▸ TASK DIRECTIONS
Produce exactly the lines from the one holding "RADISH – CHELSEA LEIFKEN" through the last line of the data below, with every picture left out.

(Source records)

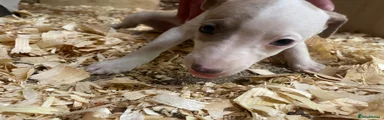 Whippet Puppy 4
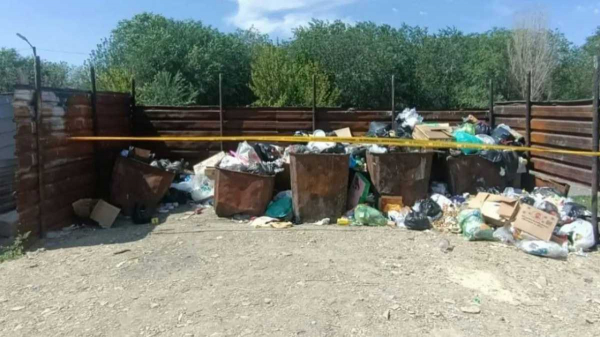 Мать младенца, найденного в мусорном контейнере, установили в Жамбылской области
Мать младенца, найденного в мусорном контейнере, установили в Жамбылской области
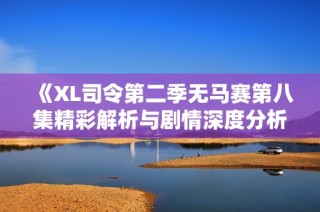 《XL司令第二季无马赛第八集精彩解析与剧情深度分析》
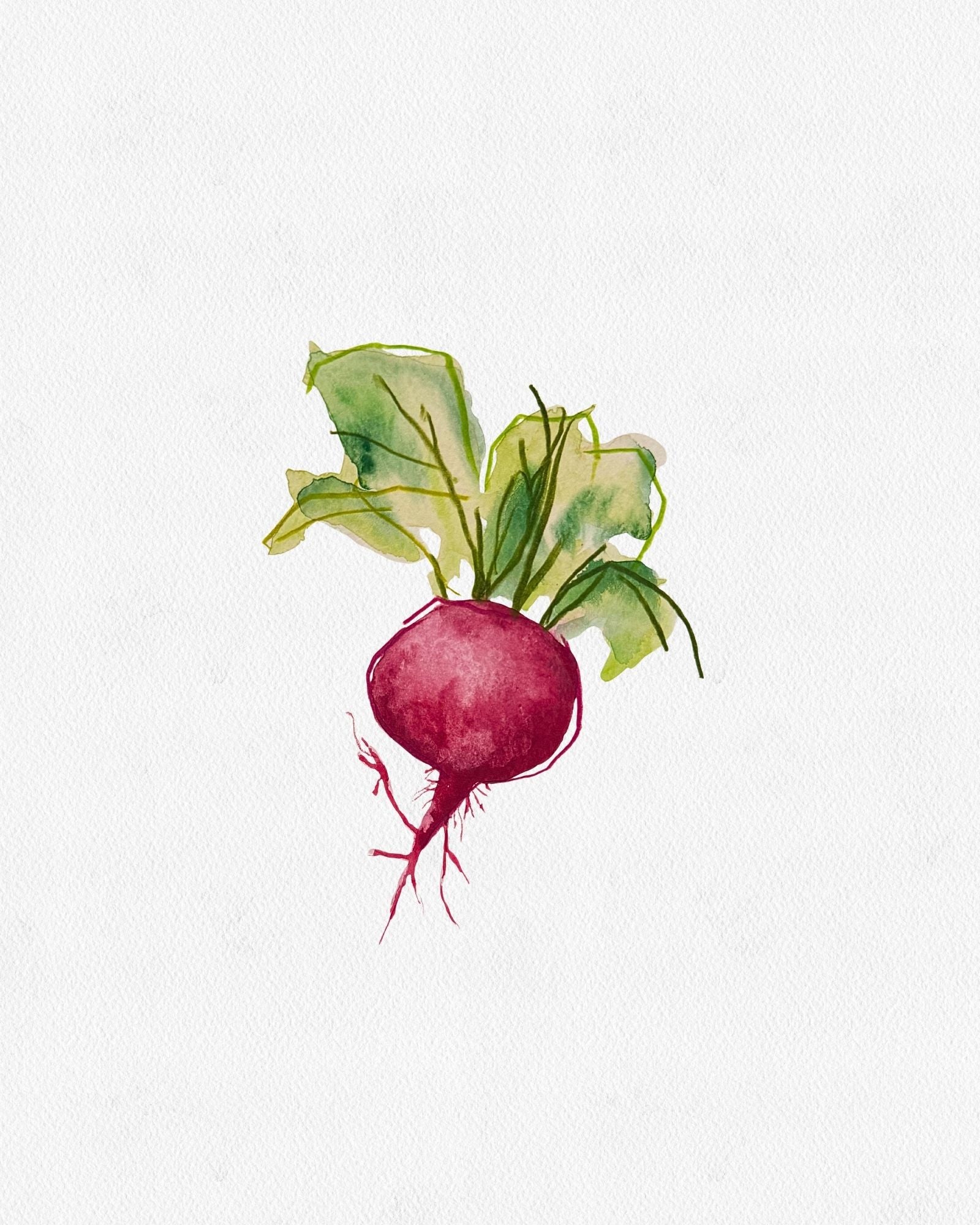 RADISH – CHELSEA LEIFKEN
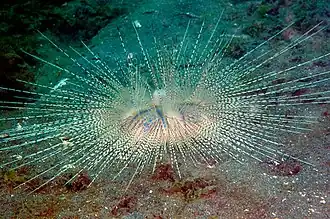 Chaetodiadema granulatum.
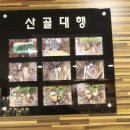 릴리펫 이미지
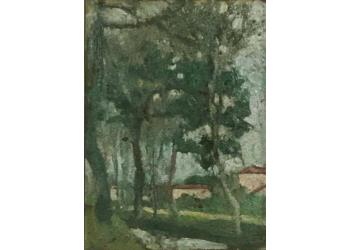 Fosso tra gli alberi Fosso tra gli alberi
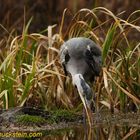 Ardea cinerea - Graureiher - Heron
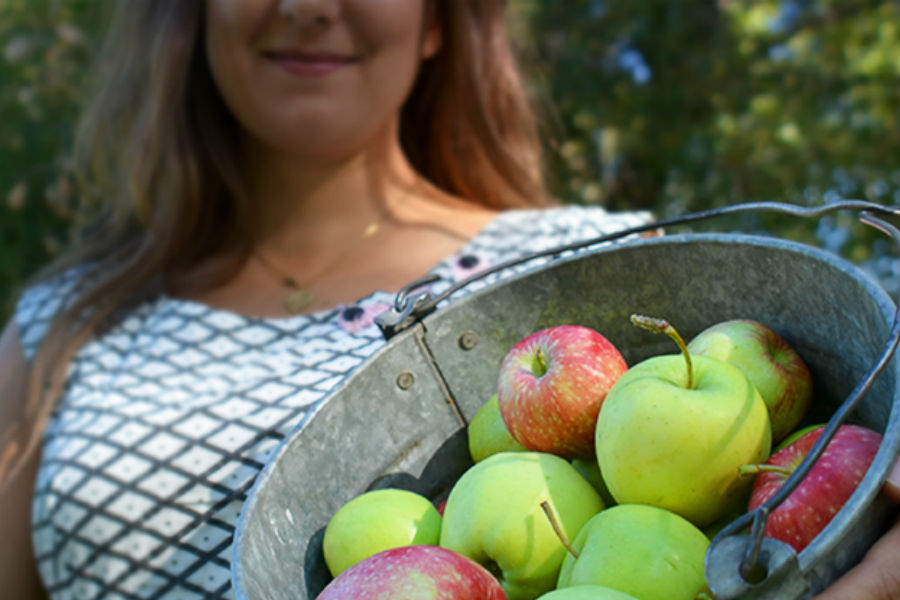 Urban Harvest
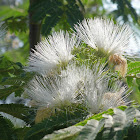 Silk Tree ("Mimosa")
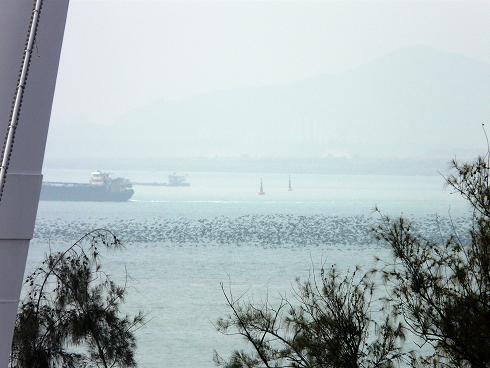 上传的图片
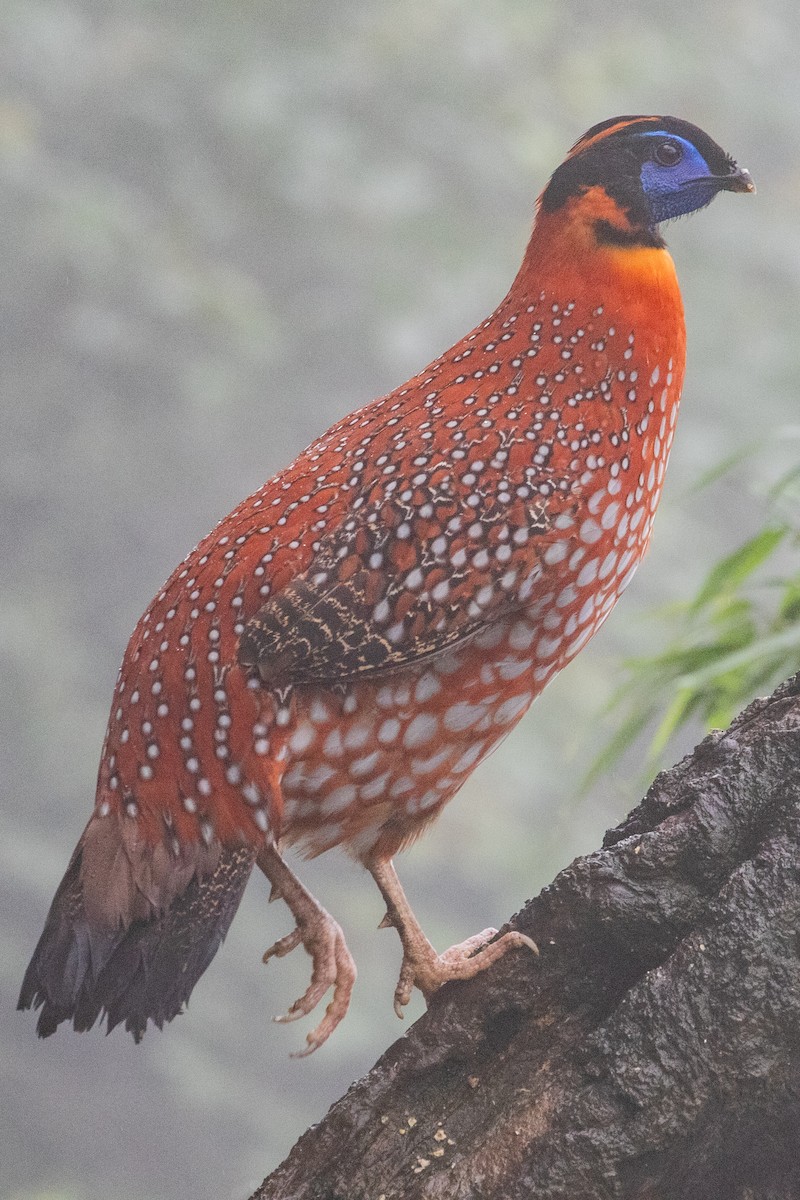 Temminck's Tragopan - ML622105580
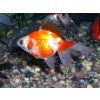 Carassius auratus var. bicaudatus - závojnatka čínska (zlatá rybka)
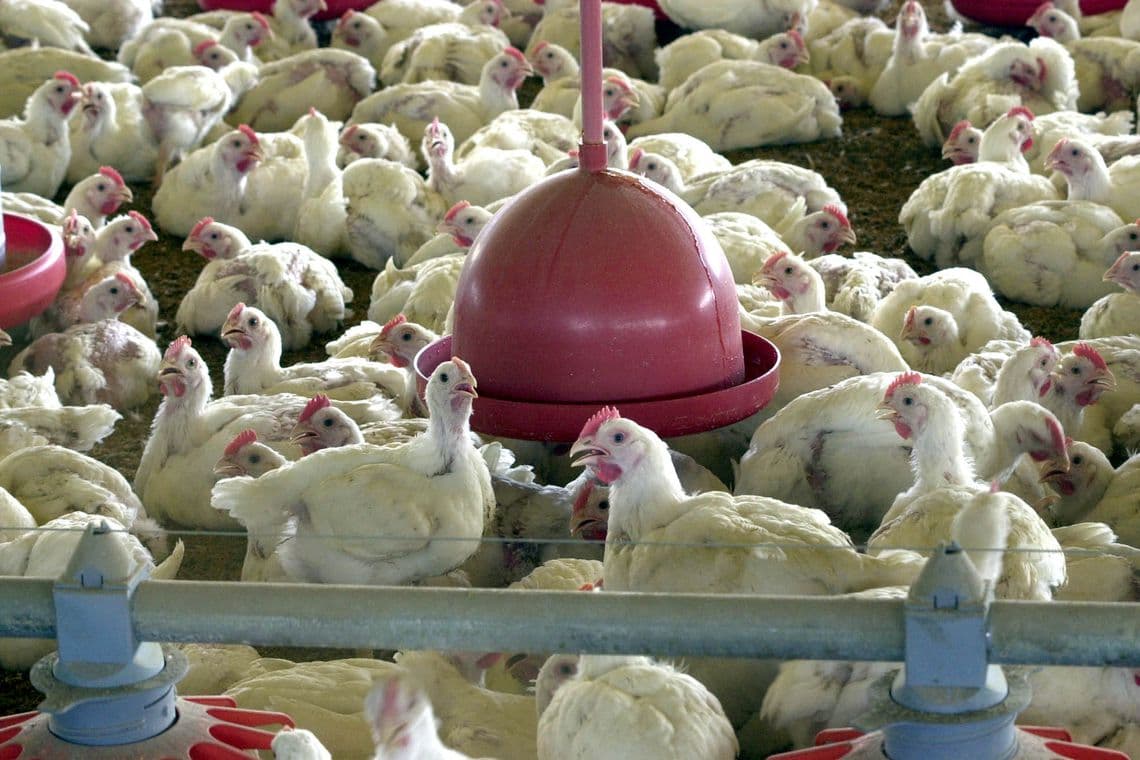 Por suspeita de contaminação dos produtos por Salmonella enteritidis, Anvisa proíbe venda de lotes de frango da Perdigão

▸ TASK OUTPUT
 RADISH – CHELSEA LEIFKEN
 Chaetodiadema granulatum.
 릴리펫 이미지
 Fosso tra gli alberi Fosso tra gli alberi
 Ardea cinerea - Graureiher - Heron
 Urban Harvest
 Silk Tree ("Mimosa")
 上传的图片
 Temminck's Tragopan - ML622105580
 Carassius auratus var. bicaudatus - závojnatka čínska (zlatá rybka)
 Por suspeita de contaminação dos produtos por Salmonella enteritidis, Anvisa proíbe venda de lotes de frango da Perdigão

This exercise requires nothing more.